Three more characters (END), four characters if you count the line end,
and you would have a compilable program; that's a lot fewer than the
number of characters it took to type the post. Admitedly, that might not
explain the why of what results, but it sure ought to answer the
question of what g95 would do pretty definitively. (I just did it to
make sure, and it gave the result I expected).

Following the principle of teaching someone to fish instead of giving
them a fish, I think I'll defer answering until after seeing some
evidence of having at least skimmed some form of documentation. If there
is then question about the subsequent implications, which I realize
might not be evident from a quck skim, that part I'd answer.

I'm not really trying to be obnoxious here (though I could see it
misinterpreted that way). I'm just trying to push in the direction of
suggesting that it is better to do at least token research/thought
before asking. Think of it as using up wishes, where the wishes are
answers to questions. If you use up all your quota of wishes asking
questions that you could have answered yourself in less time than it
takes to type in a post, people are likely to have tired of answering
when you get to the harder ones where outside help would really be more
productive.

--
Richard Maine | Good judgment comes from experience;
email: last name at domain . net | experience comes from bad judgment.
domain: summertriangle | -- Mark Twain
From: James Van Buskirk on
"dpb" <none(a)non.net> wrote in message
news:i3plg5$otv$1(a)news.eternal-september.org...
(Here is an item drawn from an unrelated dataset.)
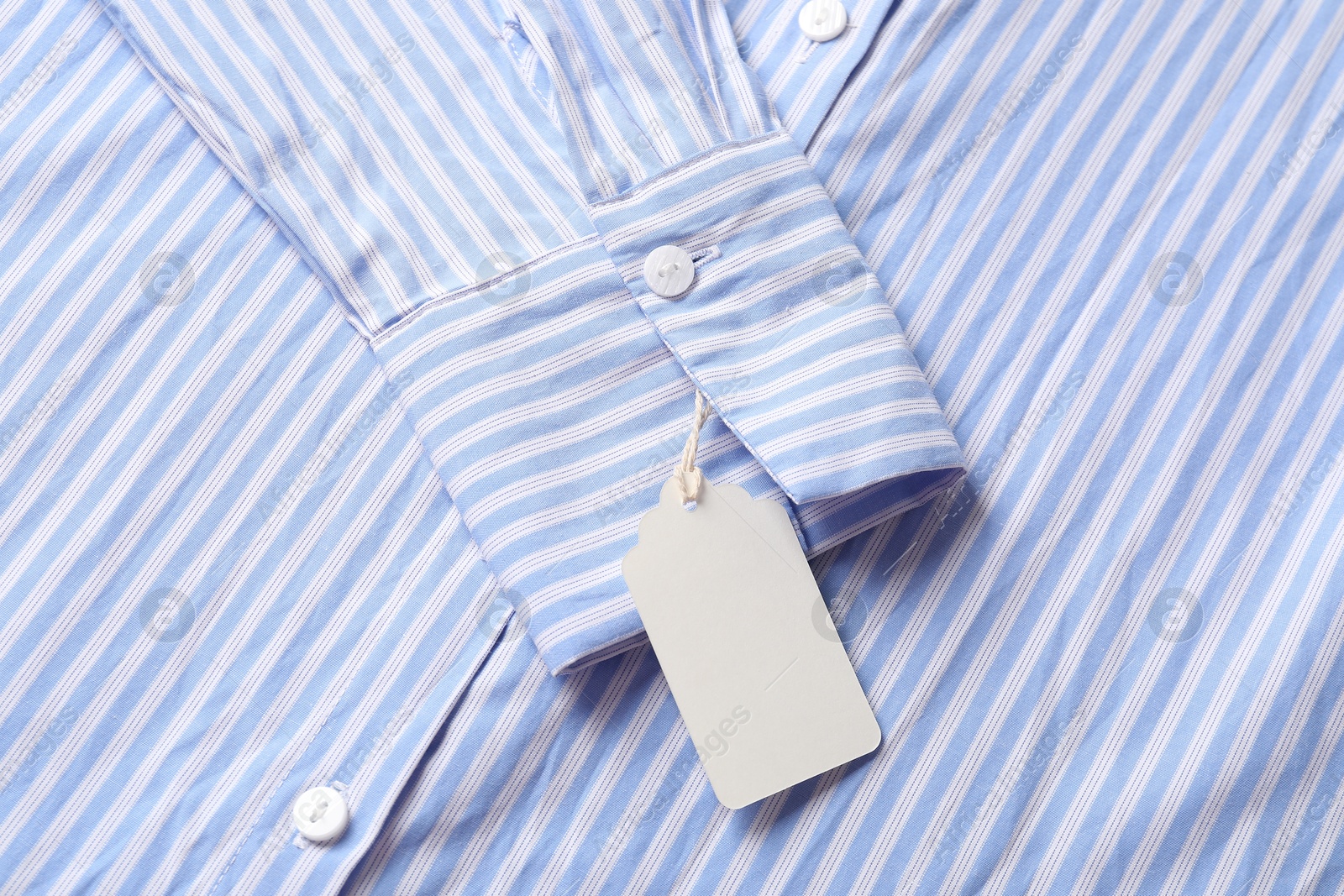 Cardboard tag on striped shirt, top view Photo of Cardboard tag on striped shirt, top view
> It isn't the design to probe the hardware for the highest possible
> supported native type which seemed to be the way the question was worded
> in your posting.

Actually it's possible because the kind type parameters are numeric.
I and others have posted examples of this many times on this forum.
Here is a program that probes at compile time for two kinds of real
with more precision than double precision has:

C:\gfortran\clf\kinds>type kinds.f90
program kinds
implicit none
integer, parameter :: sp = kind(1.0)
integer, parameter :: dp = kind(1.0d0)
integer, parameter :: ep_preferred = &
selected_real_kind(precision(0.0_dp)+1)
integer, parameter :: ep = (1+sign(1,ep_preferred))/2*ep_preferred+ &
(1-sign(1,ep_preferred))/2*dp
integer, parameter :: qp_preferred = &
selected_real_kind(precision(0.0_ep)+1)
integer, parameter :: qp = (1+sign(1,qp_preferred))/2*qp_preferred+ &
(1-sign(1,qp_preferred))/2*ep

write(*,10) 'sp = ', sp, ', precision(sp) = ', precision(1.0_sp)
write(*,10) 'dp = ', dp, ', precision(dp) = ', precision(1.0_dp)
write(*,10) 'ep = ', ep, ', precision(ep) = ', precision(1.0_ep)
write(*,10) 'qp = ', qp, ', precision(qp) = ', precision(1.0_qp)
10 format(3(a,i0))
end program kinds

C:\gfortran\clf\kinds>gfortran kinds.f90 -okinds

C:\gfortran\clf\kinds>kinds
sp = 4, precision(sp) = 6
dp = 8, precision(dp) = 15
ep = 10, precision(ep) = 18
qp = 10, precision(qp) = 18

C:\gfortran\clf\kinds>ifort kinds.f90
Intel(R) Fortran Compiler for Intel(R) EM64T-based applications, Version 9.1
Build 20061104
Copyright (C) 1985-2006 Intel Corporation. All rights reserved.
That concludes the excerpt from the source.